**SUPPLIED INFORMATION:**
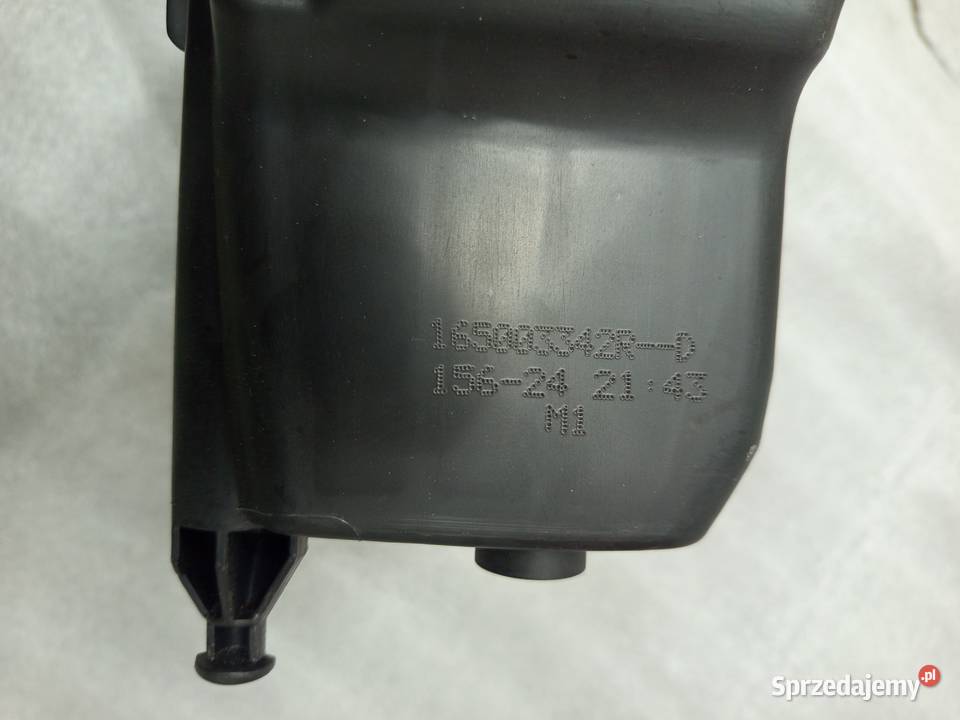 Obudowa filtra powietrza Clio captur colt jukę Obudowy filtrów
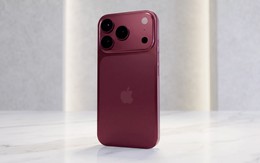 Tin mừng về iPhone 18 Pro Max, người dùng chờ suốt nhiều năm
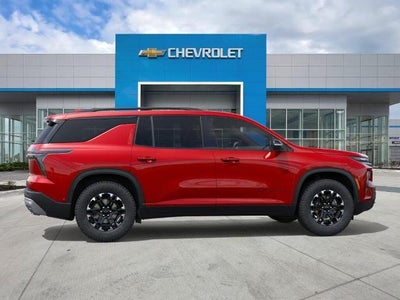 2027 Chevrolet Traverse Z71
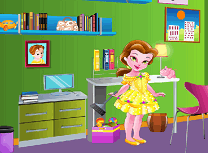 Belle Face Curatenie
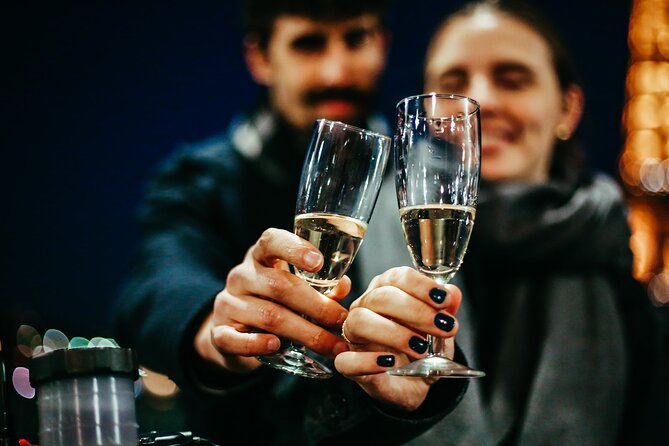 Paris Romantic & Private Tour By Night on a Sidecar Ural - Passenger Experience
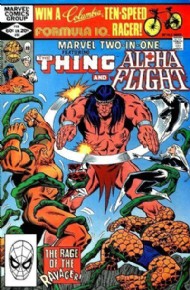 Marvel Two-In-One 1974 - 1983 #84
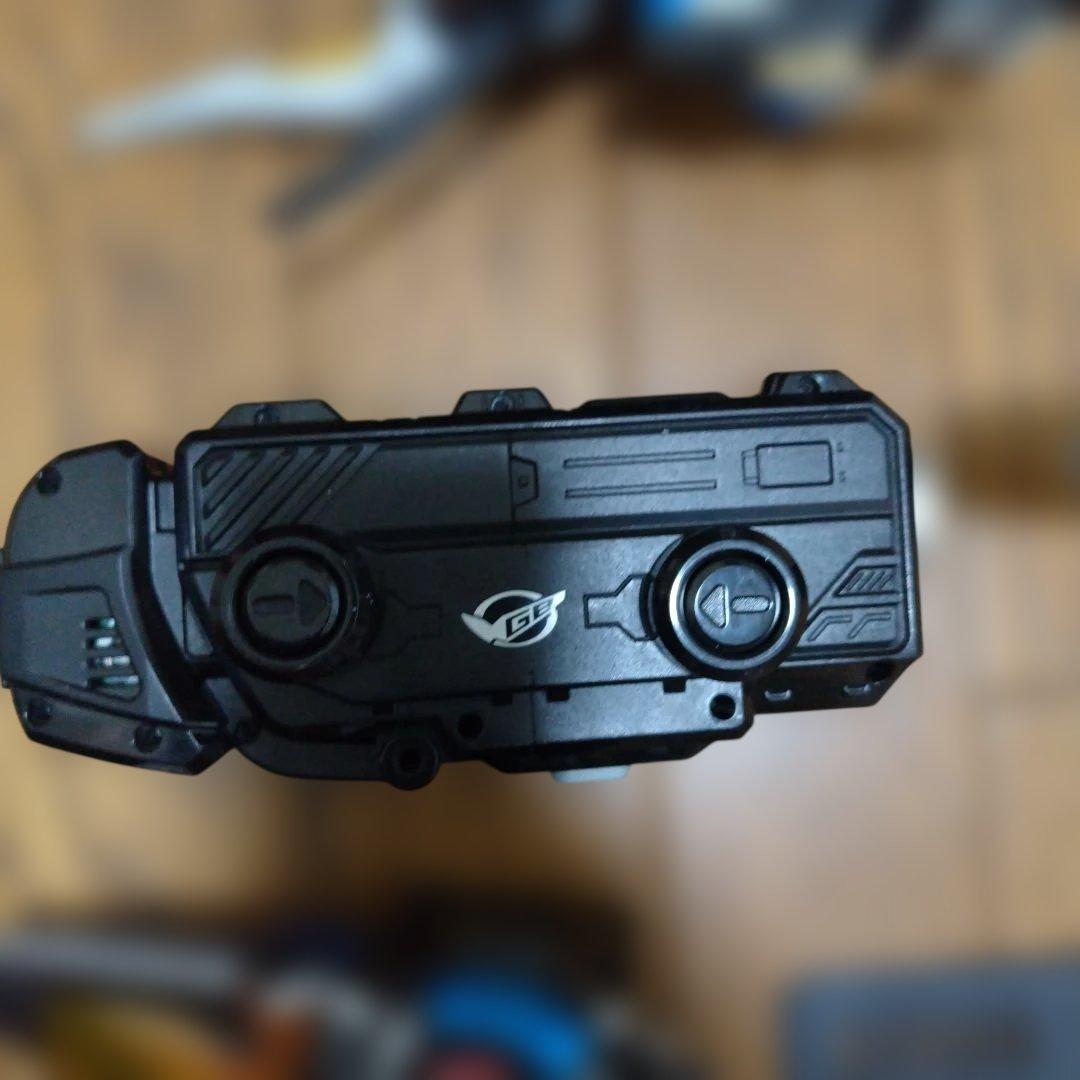 特命戦隊ゴーバスターズ　特命合体DXバスターヘラクレスセット　ゴーバスタービート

**PROBLEM DETAILS:**
Retype, word for word, the lines from the one with "Paris Romantic &" through the last line of the entries above, and only those lines. Leave pictures out.

**TASK ANSWER:**
 Paris Romantic & Private Tour By Night on a Sidecar Ural - Passenger Experience
 Marvel Two-In-One 1974 - 1983 #84
 特命戦隊ゴーバスターズ　特命合体DXバスターヘラクレスセット　ゴーバスタービート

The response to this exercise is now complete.